We analyze the security of our system in this section

1. 1.

   Query Privacy: The security notion of query privacy aims in reducing the information leakage that can occur during query processing. In the proposed system the query is encrypted using user’s secret key only a legitimate user and owner can generate this key. An owner delegate the access rights to search a document by providing the complementary key. Even though the trapdoor generated for the same keyword by multiple users are different, the index specific trapdoor generated by the cloud provider using the complementary key is deterministic. However, the scheme hides search and access pattern.

2. 2.

   Query Unforgeability: A legitimate user generates the secret key \(g^{ou_i}\) using owner’s public key \(g^o\) and his private key \(u_i\). We implemented the system using ElGamal elliptic curve cryptography. The x and y coordinates of \(g^{ou_i}\) is concatenated to form a string and hashed to value in \({Z_p}\) as t=\(H(g^{ou_i})\). The user use this value t to create trapdoor. By Computational Diffie-Hellman assumption no other user can compute \(g^{ou_i}\) from \(g^o\) and \(g^{u_i}\) to forge the trapdoor.

3. 3.

   Controlled Information Disclosure: In the access control array created by the owner, only those document-ids that are accessible to the user are stored and all other entries are kept null. A legitimate user use this document-id for retrieving a document from the cloud storage. Hence the user can access only the permitted documents.

9 Performance Analysis

Pycharm community IDE, Charm Crypto 0.43 [1] framework and the Pairing-based cryptographic library [9] are used for implementation on an Intel core i7-3770 CPU @ 3.4 GHz and 8 GB RAM. For providing search control, we used Elliptic curve group prime192v2 to generate the public parameters for secret key generation. The time taken for the trapdoor generation is nearly 0.00092 s and the pairing operation takes nearly 0.0044s. As the trapdoor directly gives the starting address of the list containing the document-ids, the search complexity is \(\mathcal {O}(1)\).

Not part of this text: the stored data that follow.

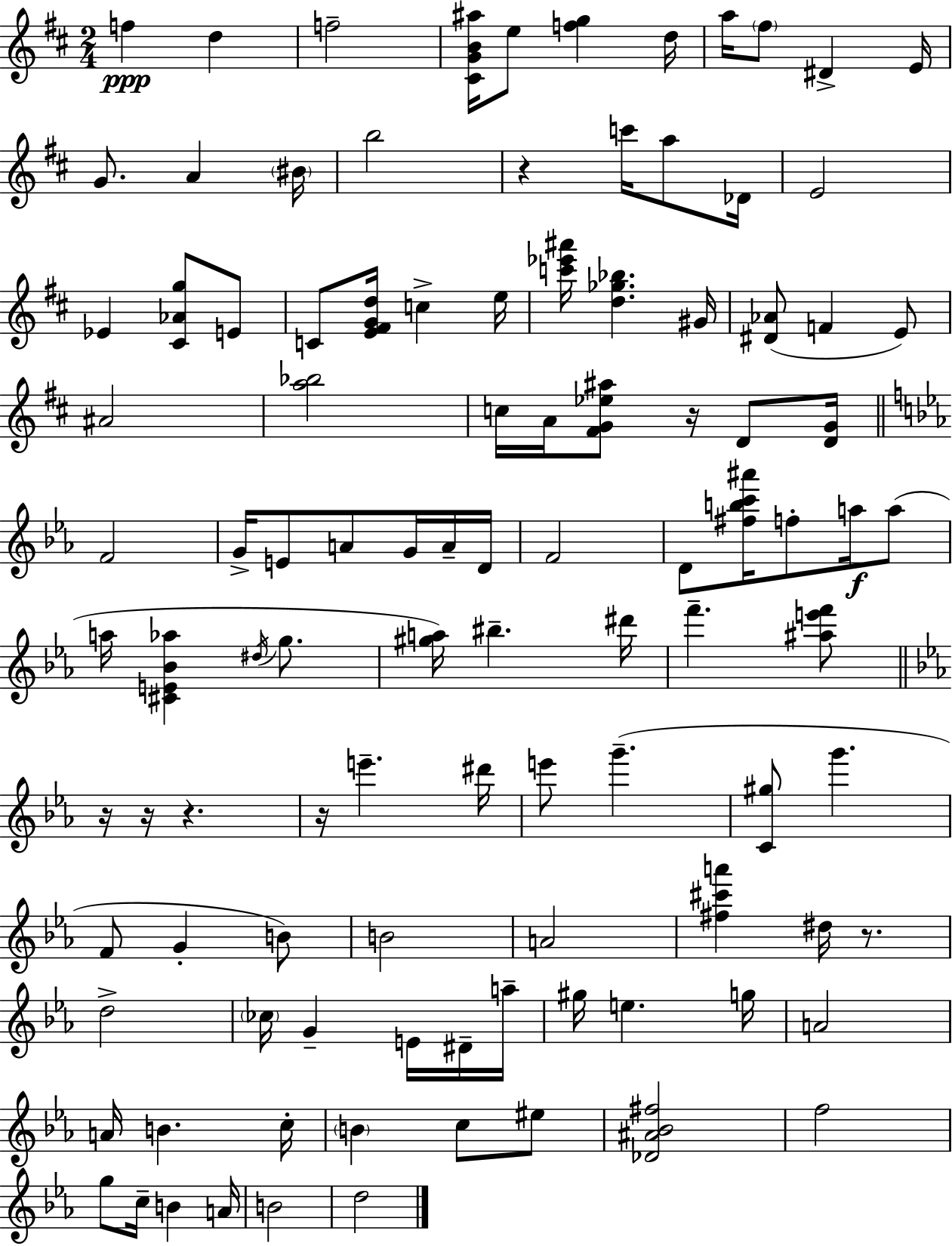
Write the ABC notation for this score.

X:1
T:Untitled
M:2/4
L:1/4
K:D
f d f2 [^CGB^a]/4 e/2 [fg] d/4 a/4 ^f/2 ^D E/4 G/2 A ^B/4 b2 z c'/4 a/2 _D/4 E2 _E [^C_Ag]/2 E/2 C/2 [E^FGd]/4 c e/4 [c'_e'^a']/4 [d_g_b] ^G/4 [^D_A]/2 F E/2 ^A2 [a_b]2 c/4 A/4 [^FG_e^a]/2 z/4 D/2 [DG]/4 F2 G/4 E/2 A/2 G/4 A/4 D/4 F2 D/2 [^fbc'^a']/4 f/2 a/4 a/2 a/4 [^CE_B_a] ^d/4 g/2 [^ga]/4 ^b ^d'/4 f' [^ae'f']/2 z/4 z/4 z z/4 e' ^d'/4 e'/2 g' [C^g]/2 g' F/2 G B/2 B2 A2 [^f^c'a'] ^d/4 z/2 d2 _c/4 G E/4 ^D/4 a/4 ^g/4 e g/4 A2 A/4 B c/4 B c/2 ^e/2 [_D^A_B^f]2 f2 g/2 c/4 B A/4 B2 d2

Compared with Wang et al.’s [12] scheme our scheme provide ranked results and no interaction with the owner is required for generating the trapdoor and decrypting the results. Even though Wang et.al’s [13] scheme support ranking of documents the scheme reveals search and access pattern to the cloud provider.

10 Conclusion

The proposed system support multiple users to selectively retrieve data without using trusted third parties. Fast and efficient retrieval of data is ensured using inverted index and by ranking the documents. The inherent disadvantage of revealing search and access pattern in inverted index based search are overcome using blind storage. The system ensures fine grained search control to multiple users with out using shared keys. A legitimate user will get only the permitted set document-ids even when the search query is present in several other documents.